The number of chlorine atoms in 20 mL of chlorine gas at STP is ________ $$\times 10^{21}$$. (Round off to the Nearest Integer).
[Assume chlorine is an ideal gas at STP. R = 0.083 L bar mol$$^{-1}$$ K$$^{-1}$$, $$N_A = 6.023 \times 10^{23}$$]

Given:

Volume ($V$) = $20\text{ mL}=0.02\text{ L}$

Pressure at STP ($P$) = $1\text{ bar}$ (indicated by the units of the given R value)
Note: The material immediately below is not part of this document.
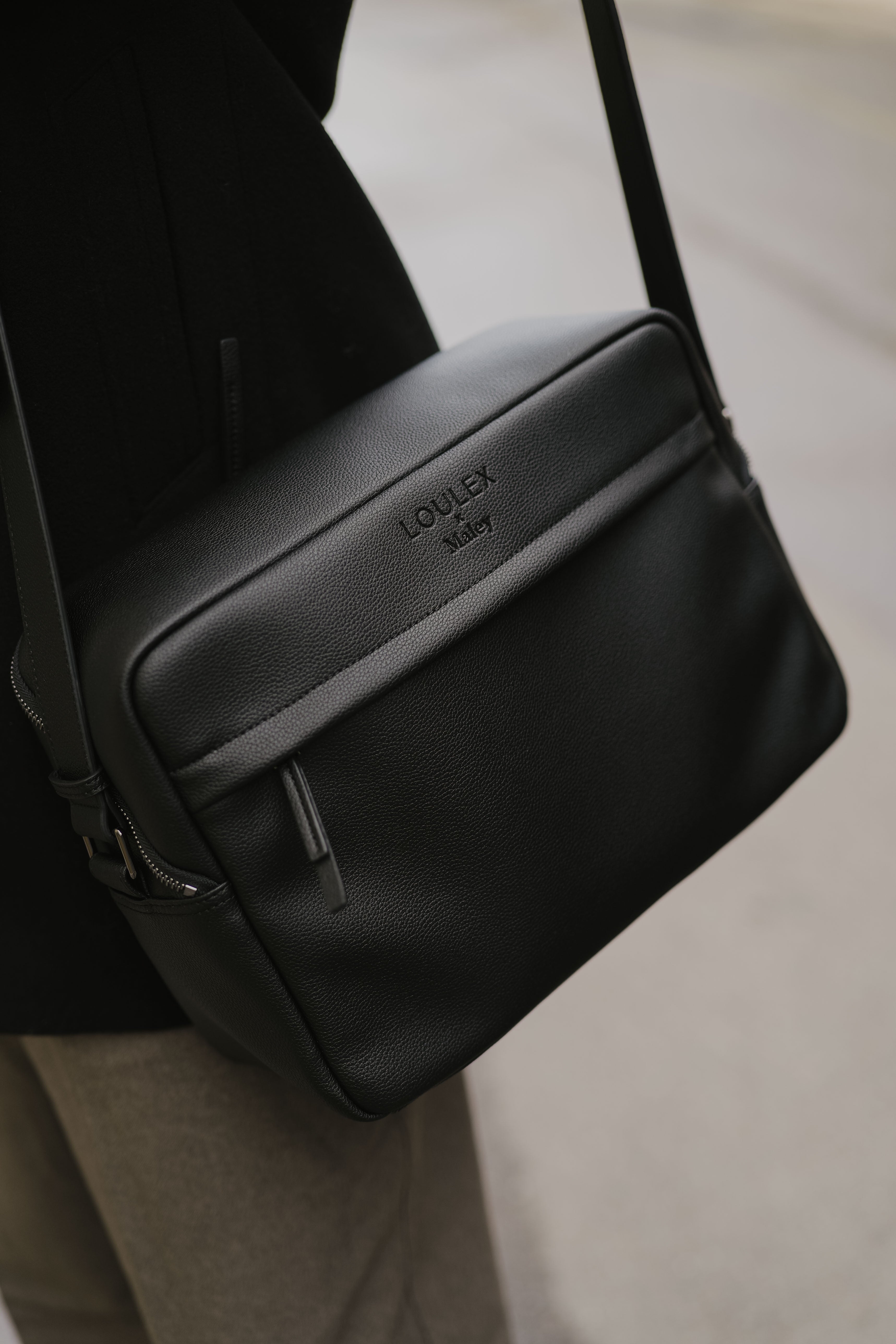 Black leather bag with 'LOEWE' branding worn over a shoulder.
Temperature at STP ($T$) = $273\text{ K}$

Universal Gas Constant ($R$) = $0.083\text{ L bar mol}^{-1}\text{ K}^{-1}$

Avogadro's Number ($N_A$) = $6.023\times 10^{23}$

Using the Ideal Gas Law:

$$n=\frac{PV}{RT}$$
$$n=\frac{1\times 0.02}{0.083\times 273}$$
$$n=\frac{0.02}{22.659}$$
$$n\approx 8.826\times 10^{-4}\text{ moles}$$

Multiply the number of moles by Avogadro's number:

$$\text{Molecules of }Cl_2=n\times N_A$$
$$\text{Molecules of }Cl_2=(8.826\times 10^{-4})\times (6.023\times 10^{23})$$
$$\text{Molecules of }Cl_2\approx 5.316\times 10^{20}$$

Chlorine gas is diatomic ($Cl_2$), meaning there are 2 atoms per molecule:

$$\text{Atoms of Cl}=2\times 5.316\times 10^{20}$$$$\text{Atoms of Cl}=10.632\times 10^{20}$$$$\text{Atoms of Cl}=1.0632\times 10^{21}$$

Therefore, the closest integer is 1.